Oye, ¿dónde quedó mi ciencia?

Como fue discutido en el episodio anterior, la información científica tiene que ser verificada por distintas fuentes para que sea válida. A veces la información proveniente de distintas fuentes no coincide exactamente entre sí. Entre más cercana sea esta coincidencia, mayor es la confianza que tenemos en que sea correcta. Pero, ¿esperaríamos que existiera una coincidencia exacta?

Un ejemplo concreto quizá ayude a explicar lo que queremos decir. Imagina que tú y una amiga utilizan cronómetros para medir el tiempo de una carrera. Al momento en que la carrera empieza y cuando los corredores cruzan la meta, ambas personas aprietan el botón del cronómetro para marcar el tiempo que duró la carrera. Muy pocas veces, las dos personas tendrán el mismo tiempo exactamente. Esto no es un problema de los cronómetros; aun si los cronómetros están funcionando perfectamente, tú y tu amiga probablemente obtengan tiempos parecidos, pero diferentes. ¿Por qué crees que esto sucede?

El tiempo de reacción puede ser una fuente de error, y la precisión de los cronómetros también puede jugar un papel en la diferencia de tiempos. Por ejemplo, los cronómetros que utilizaron puede que solamente puedan medir hasta una décima parte de un segundo. En teoría, podrían medir mejor el tiempo que duró la carrera si los cronómetros pudieran medir hasta una centésima parte de un segundo, o una milésima de segundo. Pero cronómetros más precisos, solo podrían ayudarnos hasta cierto punto. Eventualmente, el tiempo que toma presionar el botón se convertiría en el factor limitante de la precisión del tiempo.
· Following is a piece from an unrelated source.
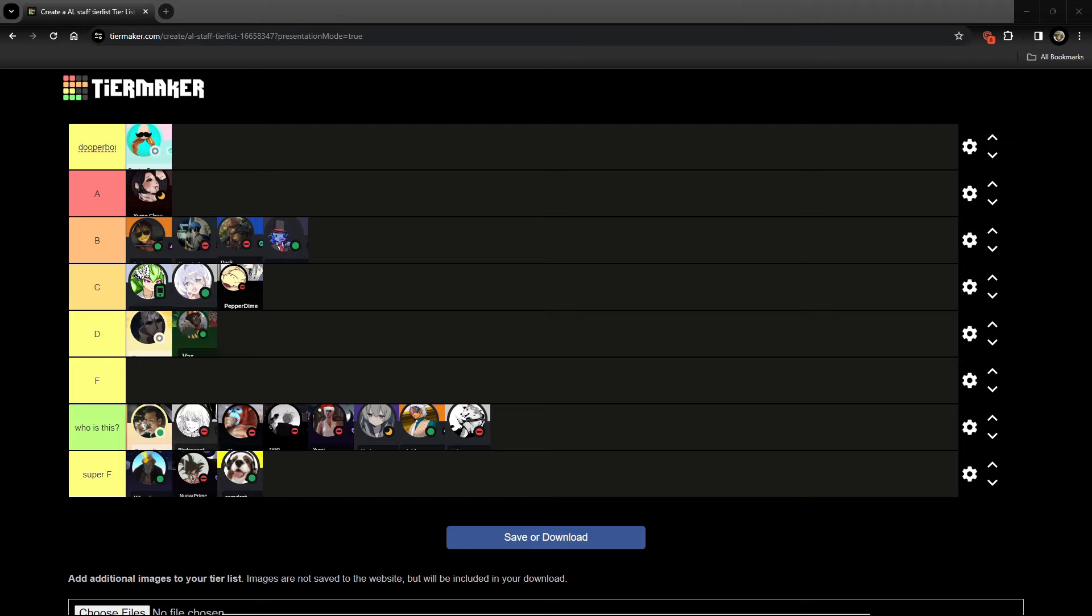And I'll see y'all in the next one. This video was mainly as a joke, by the way. So, if a staff is seeing this, don't get mad. Actually, you guys are probably already mad. But another thing is, if you weren't on this tier list and your staff, it's probably because you were too much of a random. Alright, I'll see y'all in the next one.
La coincidencia entre la medición del tiempo de la carrera entre el tiempo que tú mediste y el de tu amiga estarán limitados por el tiempo de reacción y por la precisión de los cronómetros. Siempre hay un límite determinado, y se esperaría que la coincidencia sería del orden de la precisión de las mediciones, pero no necesariamente más que eso. Incluso los sofisticados cronómetros electrónicos, como los que son utilizados en las Olimpiadas y otras competencias importantes, tienen límites de precisión pequeños, pero finitos. Esto también se aplica a todos los sistemas de medición, no solamente a los sistemas de medición del tiempo.

El alienígena no está contento porque la información proveída por Epo y Alkina solo coincide en el 87% con la información que obtuvieron de otras fuentes. Sin embargo, dada la información de los párrafos anteriores, quizá una coincidencia del 87% no está tan mal. Puede que sea lo mejor que puedan esperar dado los dos métodos distintos en que la información original fueron obtenidos. Todos las mediciones científicas están limitadas de esta forma, y una parte importante de cualquier afirmación científica es entender los límites de la precisión de la información que se utiliza para respaldar la afirmación.